ALMOST two thirds of people in Sheffield do not recognise a single one of the city’s potential candidates for elected mayor.
The Star went out onto the city centre streets armed with photos of Richard Caborn, Paul Scriven, and current Sheffield Council leader Julie Dore – and asked 100 passers-by if they could name them.
Only 11 people recognised Julie Dore, just 22 knew her predecessor Paul Scriven, and just 27 could name former Sheffield Central Labour MP Richard Caborn.
Of the 100 people The Star questioned, 63 people recognised none of the Sheffield trio at all.
But there was one mayor’s face who sparked recognition among most Sheffielders – that of Boris Johnson, the mayor of London, 150 miles away.
Sheffield goes to the polls tomorrow to decide in a referendum whether the city should have an elected mayor.
Today, Matt Dixon, of the Mayor4Sheffield campaign, said The Star’s findings were ‘not surprising’.
The Tory parish councillor for Oughtibridge said: “The figures show Sheffield people do not connect with their civic leaders. Boris Johnson is on television and in the national papers whereas, with Julie and Paul, particularly, this shows local politicians are not identified with by their community.
“That’s the key difference between the status quo and having a mayor. A mayor is a figurehead.”
But former Sheffield Council leader Coun Paul Scriven said: “A lot of people know who Ken Dodd is but that doesn’t mean he would be a good leader of a city.
“Do we want someone who is able to run Sheffield, or a personality?”

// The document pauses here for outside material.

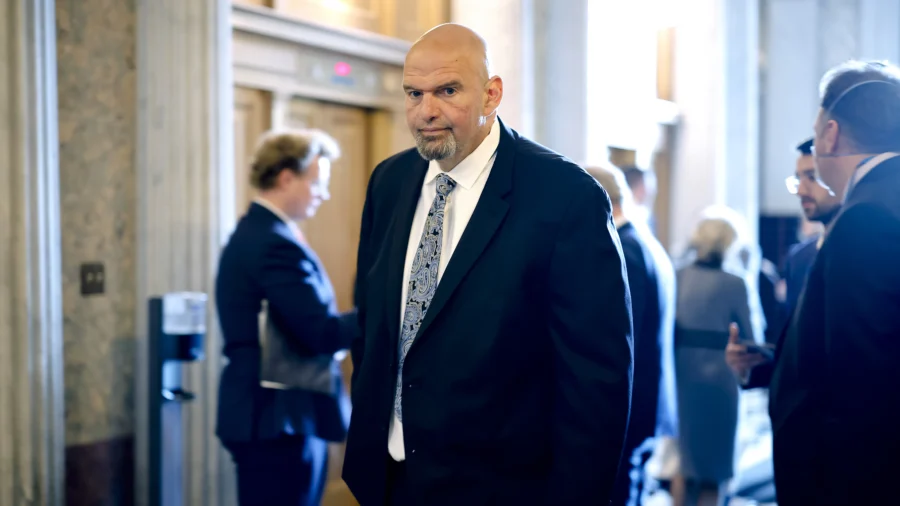 Fetterman Says He Won’t Switch Parties, Calls Himself an Independent Voice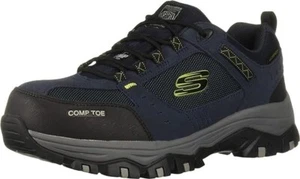 Zapatos de seguridad para hombre talla 7 SKECHERS Greetah COMPUESTOS PUNTERA impermeables antideslizantes Re 77183 - Imagen 1 de 14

Retired Sheffield Central MP Richard Caborn added: “The recognition rating figures are relative to the amount of public exposure people have and are not surprising. But is this a popularity contest, or about substance in terms of whether somebody is right to run the city?”
Armed with pictures, The Star stopped shoppers in the Winter Garden, Castle Market and at city centre tram stops.
In Castle Market, Alison Tunnicliffe, a domestic assistant, aged 49, from Wybourn, knew Boris but struggled with the rest.
She said: “The problem is local politicians do not go out and talk to the public enough so people do not know who they are. They just seem to sit in their offices.”
Joanne Slingsby, a shop worker, aged 46, from Skye Edge, added: “People are not bothered about politics – that’s the problem. Working people think the governments and councils do nothing for them so are not interested.”
But Colin Radcliffe, a former Labour city councillor who represented Gleadless from 1976 to 1986 and whose father-in-law, Albert Richardson, was a Lord Mayor of Sheffield, said: “I don’t think having an elected mayor will change anything – if it isn’t broke don’t fix it.”
Mr Ratcliffe, aged 75, who lives in Lowedges, added: “The main problem at present is money. Some people just become councillors because they receive automatic allowances, whereas we were only paid if we attended meetings and did the job, which meant we had a better connection with the public.”
Zahra Waffa, 43, an NHS nurse from Burngreave, said she believed having an elected mayor would be a good idea to increase the profile of Sheffield’s leader and lobby for the city’s interests.
She said: “I think it would be a good idea. We need change to help us progress.”
Paul Wood, Sheffield District Labour Party chairman, said: “The only reason Boris Johnson has a high recognition rating is because he was a celebrity before he became mayor of London and is on television a lot.
“Julie Dore is growing into her role.
“I don’t think it is necessarily a problem that our elected politicians are not recognised everywhere because their role is not about being well-known but getting the job done.”